Examples Of When You May Not Have Lien or Bond Claim Rights
Wait. What am I talking about? You thought whenever you furnished labor or materials to a construction project, you’re always with bond or lien rights…
Well, unfortunately, the law is never black and white, and if there is one rule to which there is no exception, it is the rule that there are always exceptions. In the mechanics lien and bond claim world, those furnishing labor or materials to a construction project usually have the right to file a mechanics lien or bond claim. Here, however, are some circumstances when those rights may not exist:
- Suppliers to Suppliers do not usually have lien rights. I recently consulted with a client who usually furnishes directly to a contractor or subcontractor, but were now working on a project where the furnishing was to another supplier. While they usually have mechanics lien rights, they may not this time.
- State, County or Federal construction projects require a payment bond get posted whenever a project’s value reaches a certain threshold.

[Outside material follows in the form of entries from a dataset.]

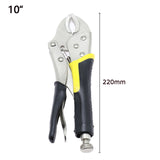 10“Inch Pincers Locking Forceps Adjustable Tightening Clamp Vice Grips Vigorous Pliers With Elastic Rubber Handle Tools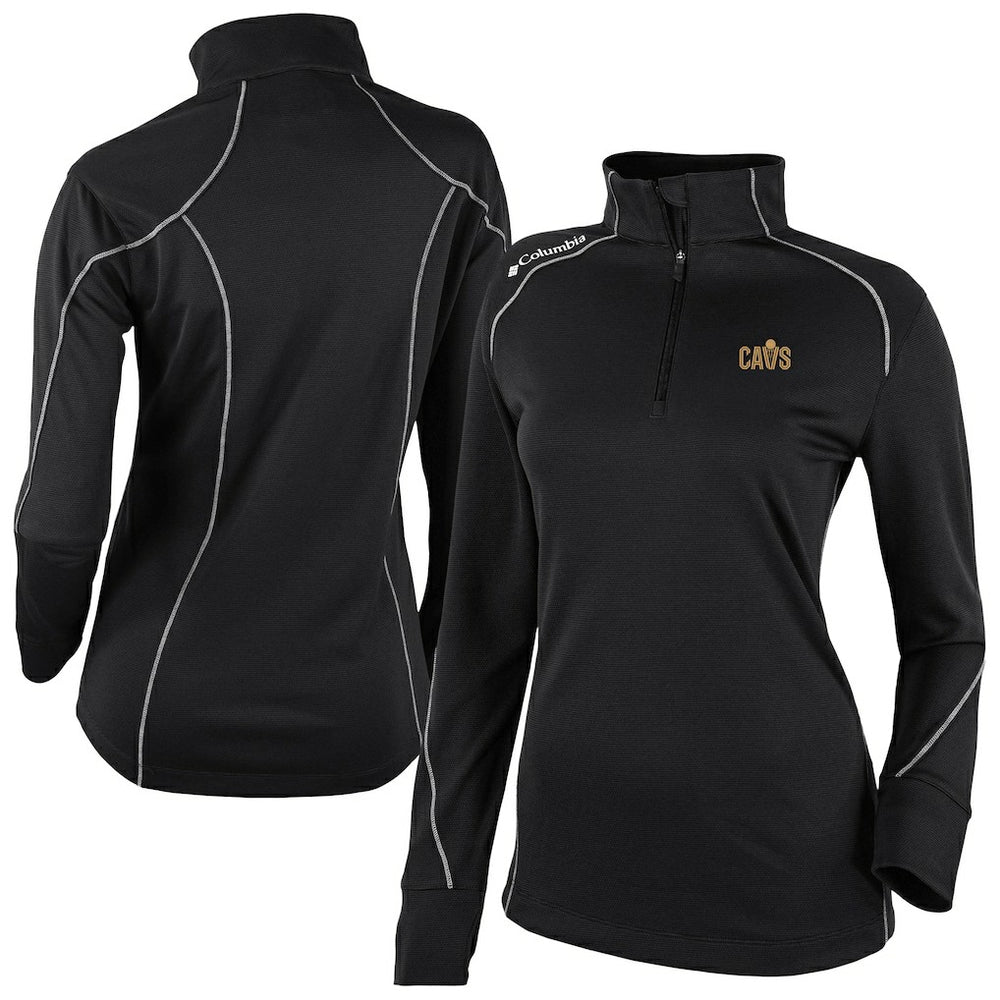 Cleveland Cavaliers Women's Omni-Wick Shotgun 2.0 Quarter-Zip Pullover Top for sale Black | Columbia online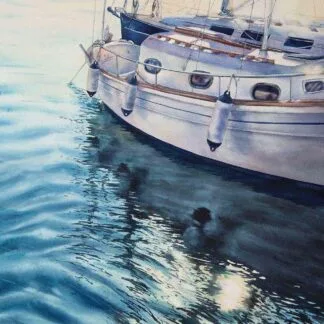 Beginning, watercolor on paper, 56x38 cm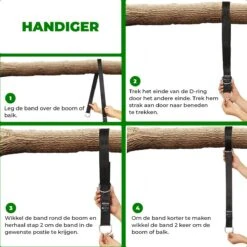 4House Ophang Koord Voor Hangmat, Hangstoel / Schommel - Hangmat Bevestigingsset Inclusief Haken - Karabijnhaak - Hangmat Standaard -Schommelophangset - Hangmat Ophangsysteem -150cm - Tot 1000kg - Boomvriendelijke Hangmat Ophangset - Set Van 2Stuks -Buitentuinwinkel 1200x1200 2763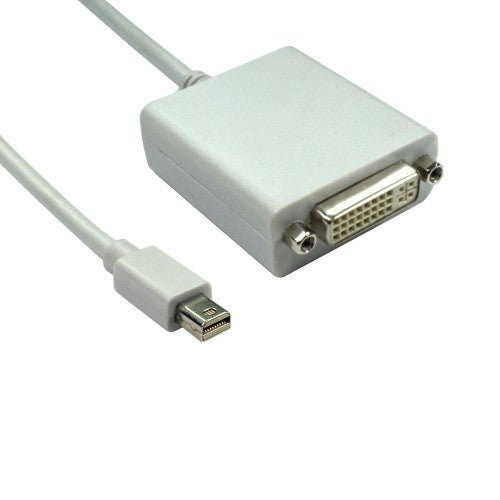 Cables Direct HDMINIDP-DVI video cable adapter 0.15 m Mini DisplayPort White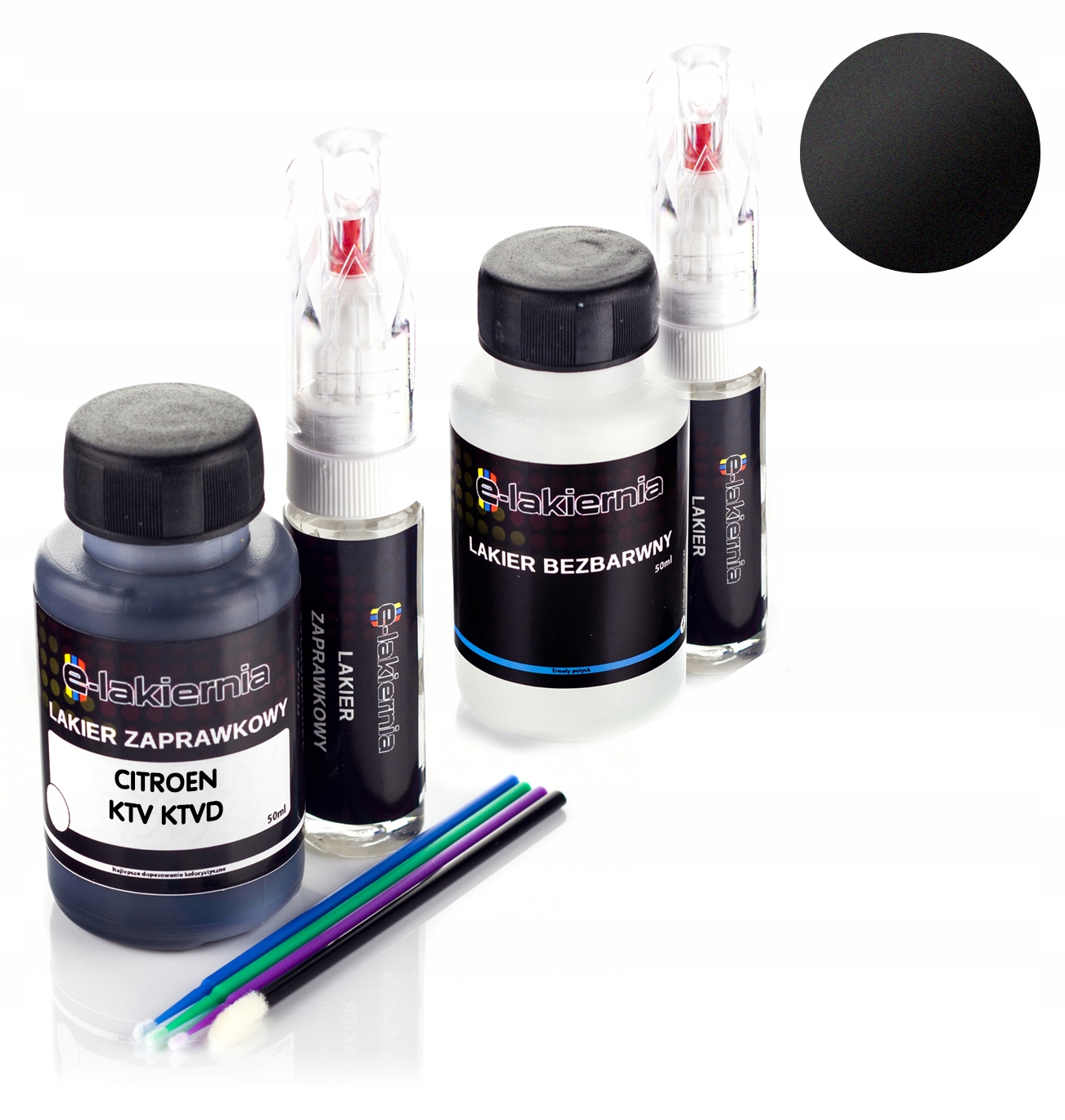 LAKIER ZAPRAWKA BEZBARWNY SAMOCHODOWY BUTELECZKI CITROEN KTV KTVD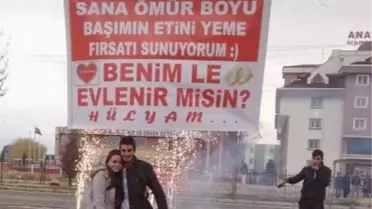 Afyonkarahisar'da İlginç Evlilik Teklifi
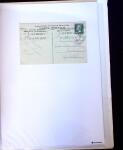 1875-1959, Collection de timbres seuls sur lettres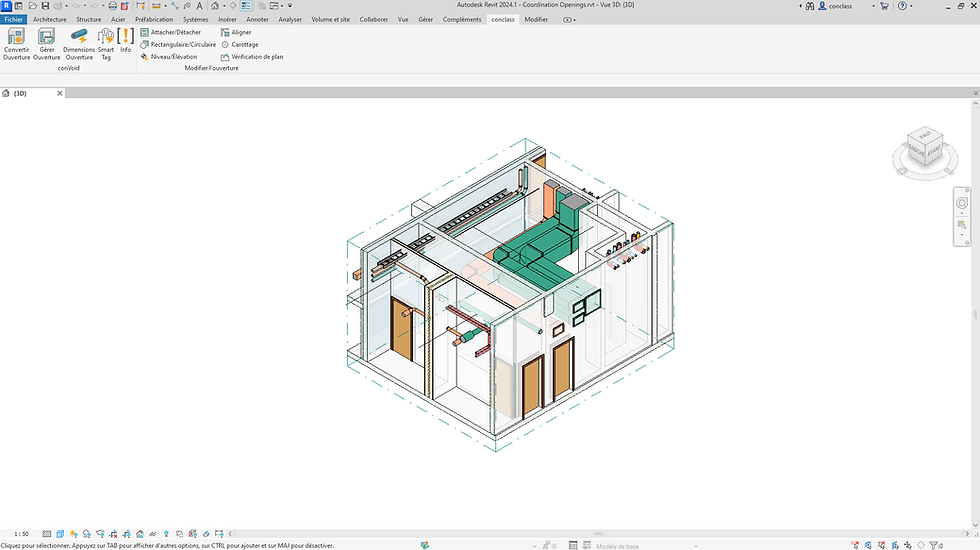 Interface utilisateur et fonctionnalités | ConVoid Revit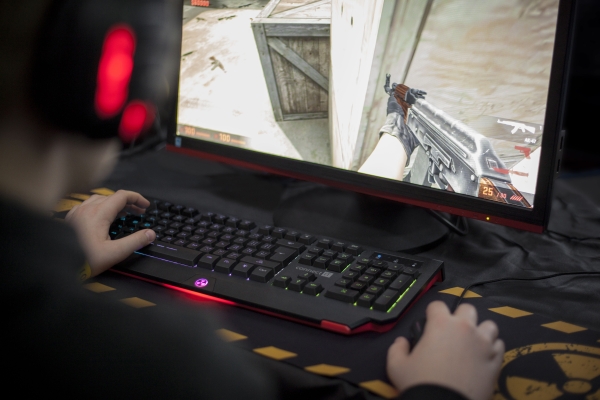 CONNECT IT BATTLE RNBW klávesnice pro hráče, CZ/US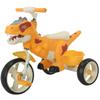 Dinosaur Kids Tricycle for Rider, Toddlers 2-6 Years - Trike Bike with Music, LED Lights, Storage Basket & Rubber Wheels | Indoor/Outdoor Big Wheels Bike Gift for Boys & Girls (Yellow) view 1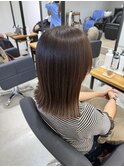 美髪_髪質改善_アッシュブラウン
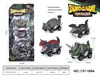 Juguete de motocicleta de dinosaurio para niños transfronterizo, de fricción, todoterreno de simulación, dinosaurio de cuatro ruedas, de fricción, para niños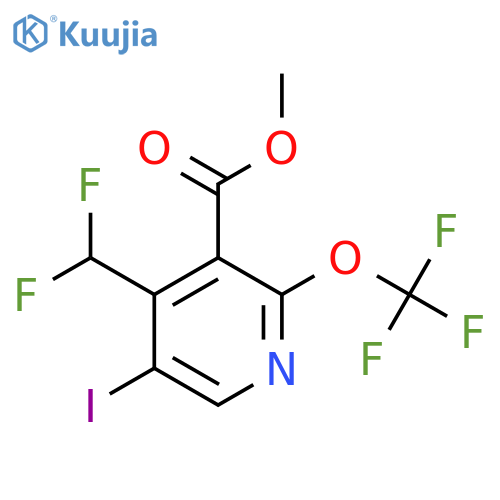 Methyl 4-(difluoromethyl)-5-iodo-2-(trifluoromethoxy)pyridine-3-carboxylate structure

When the threshold isn’t met, however, they may not be a bond in place. On Federal projects, the threshold is $100,000. This amount can be much higher, and an example of this is a new Virginia law that allows contracts of up to $350,000 to be un-bonded.
- You may be furnishing to a private developer, who is developing a project on public land. In this case, the project will not be bonded because it is not a public works project, but it may not be lienable because you’re on public land. In some states, you can file a lien against the lease interest in the property, but in others, like New York, it may be trickier.
Special Security Options: Joint Checks, Personal Guaranties, Letters of Credit
If you’re about to furnish to a construction project without bond claim or mechanics lien rights, you should consider additional security devices available to protect your rights to get paid.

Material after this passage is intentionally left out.